Honestly, I hear that XP is the most stable to date. In my opinion, and why it does not attract me is for several reasons. Mainly, because the interface looks like "teenie bopper Bubble Gum." It is so over-done, I can't stand it. Another reason is those pop-ups are enough to drive one crazy. I believe XP is like "dumbed down", and not for experienced users. 
I am not saying OSX is perfect, nor is XP no good. Apple has the solutions I look for. I am experienced with computers and don't need balloon pop-ups to help me, nor paper clip buddies to assist me in writing letters. I do like the preview version on Xp of pics and videos, and still like the customizable options (themes).


----------



## mdnky (Jun 28, 2004)

FileVault:  The speed issue at logoff/shutdown isn't a huge deal, but is a bit unnerving.  The biggie is the 'disappearing space' from the HD if you don't "recover" it for a few days.  One time it was well over 2gb.


----------



## diablojota (Jun 28, 2004)

My biggest complaint is that I don't have enough Macs to run OSX on!


----------



## Cat (Jun 28, 2004)

LOL!


----------



## pds (Jun 28, 2004)

My main complaint is that I can't take advantage of the 64 bit parts reportedly written into Panther.


----------



## Darkshadow (Jun 28, 2004)

TommyWillB said:
			
		

> Their implementation of Label Colors is rediculous.... It makes finder windows so cluttered with colors that it is impossible to see which thing is selected.
> 
> You tell me... looking at this picture, which thing is selected?



The one highlighted in blue, I'd say.



			
				diablojota said:
			
		

> My biggest complaint is that I don't have enough Macs to run OSX on!



I'd agree with that one!


----------



## TommyWillB (Jul 1, 2004)

Darkshadow said:
			
		

> The one highlighted in blue, I'd say.


No... It's the top orange one. The "index.htm" file.

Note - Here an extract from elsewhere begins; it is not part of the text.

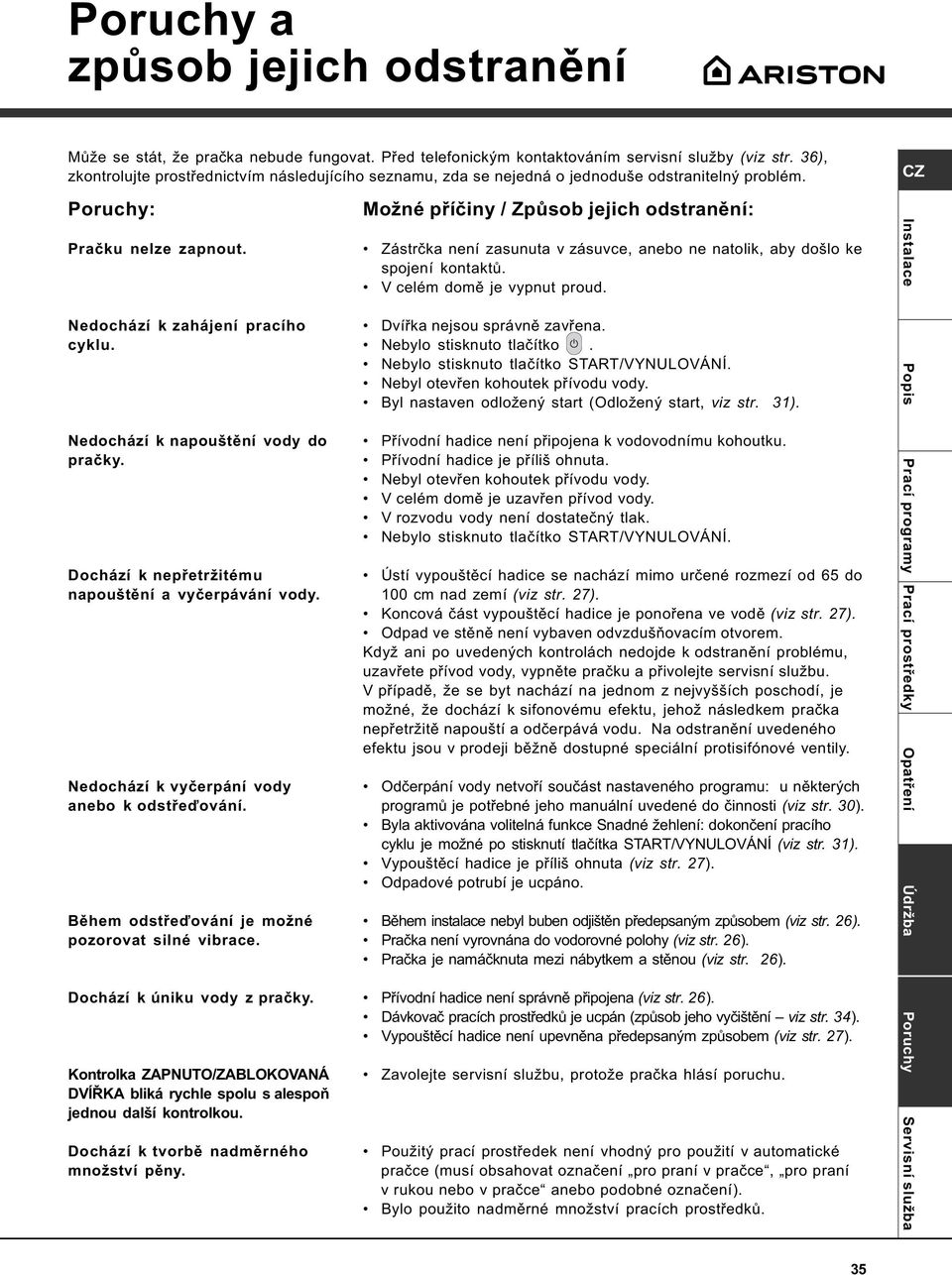 Nedochází k napouštìní vody do praèky. Dochází k nepøetržitému napouštìní a vyèerpávání vody. Nedochází k vyèerpání vody anebo k odstøeïování. Bìhem odstøeïování je možné pozorovat silné vibrace.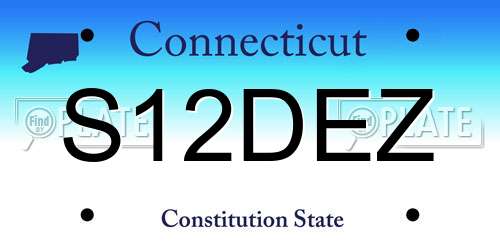 S12DEZ Connecticut License Plate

How can you tell? because the left side is not rounded like the others. Also the text for that one is white vs. black.

Completely lame!


----------



## hulkaros (Jul 2, 2004)

My biggest complain about OS X is that I have to wait for 2005 in order to have a Tiger with me... Oh, well! Panther will keep me some good company until then


----------



## solidsnake (Jul 3, 2004)

I wish it came with a hot chick


----------



## Giaguara (Jul 3, 2004)

I don't like that when I have chosen US English, Italian and Spanish ONLY .. when I update any apps or the OS X, it gets all the packages in ALL langauges. Wasting my tiem and bandwidth, and Apple's bandwidth too. 

And, if English has more than one option (US/UK/Aussie/Irish etc) why is Spanish only Spanish?


----------